Horizon Alert
Summary of the vulnerability and why it matters
This vulnerability in FileBrowser Quantum allows an unauthenticated attacker to delete files outside of their intended shared directory. This is a critical issue because it can lead to the deletion of arbitrary files within the share owner's storage scope, potentially causing data loss.
- Attackers can delete files remotely.
- Data loss is possible.
- Affects public file sharing.
Attack Path
How an attacker could exploit the issue
An unauthenticated attacker can exploit this flaw by crafting a malicious request to delete arbitrary files outside of a shared directory. This is possible if they have a valid public share hash and delete permissions are enabled for that share. The attacker leverages the path traversal vulnerability in the API endpoints to escape the intended directory.
- Public API endpoints targeted.
- Requires valid share hash.
- Delete permission must be enabled.
Live Threat
Current exploitation, exposure, and threat context
This vulnerability allows an unauthenticated attacker with delete permissions on a public share to delete arbitrary files outside the intended directory. This is concerning because it targets a web-based file manager that is often exposed publicly, and the exploit requires only a public share hash with delete permissions enabled.
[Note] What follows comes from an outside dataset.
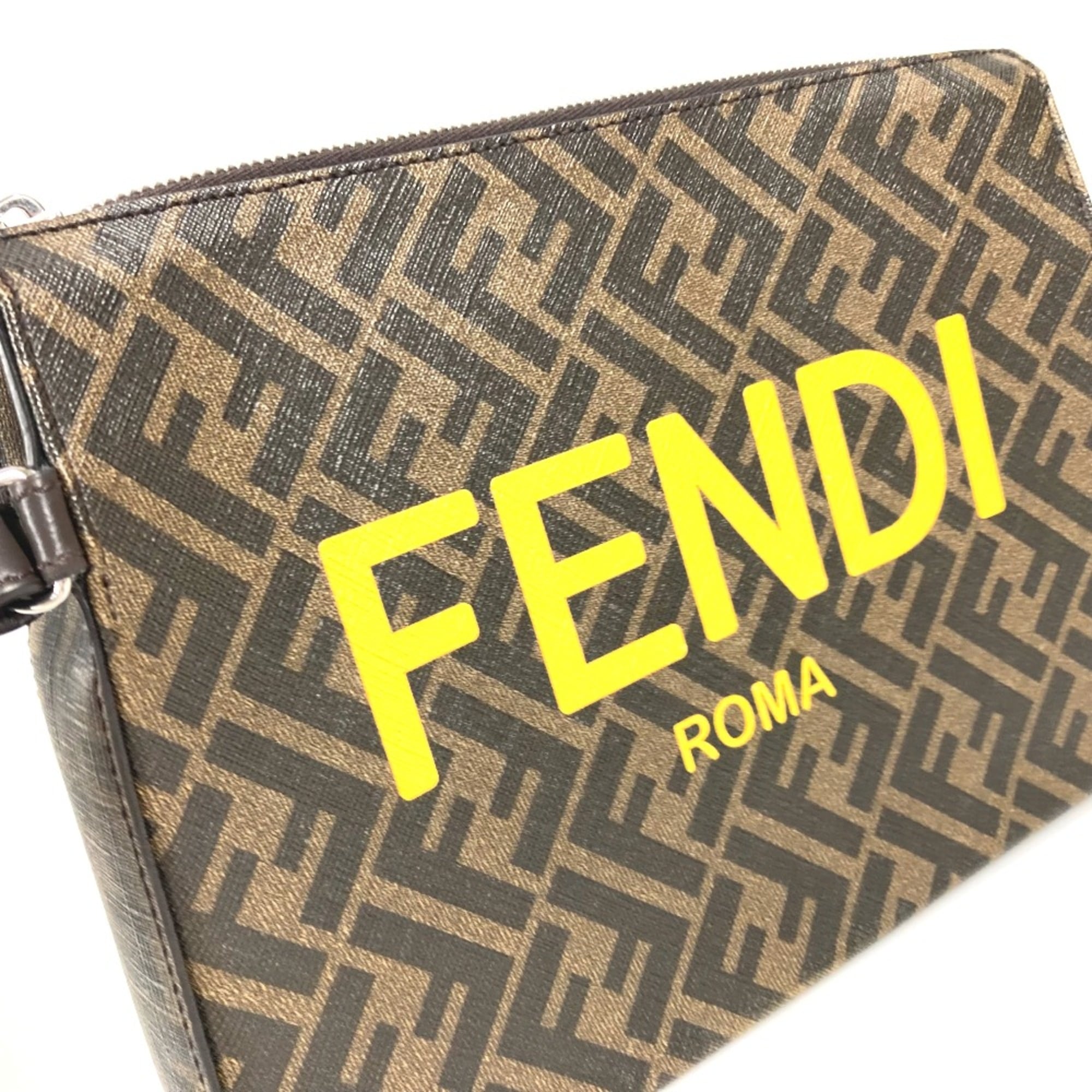Fendi Brown Leather Clutch Bag (Pre-Owned)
- Unauthenticated attacker exploitation.
- Public share hash with delete permissions.
- Targets web-based file management.
Priority actions
Operational Fix
Recommended remediation, mitigation, and detection steps
Prioritize actions to address unauthenticated arbitrary file deletion in FileBrowser Quantum, especially for public shares with delete permissions enabled. Teams should focus on immediate mitigation and patching to prevent unauthorized data loss.
- Update to 1.3.1-stable or 1.3.9-beta.
- Disable delete permissions on public shares.
- Monitor for unusual file deletion activity.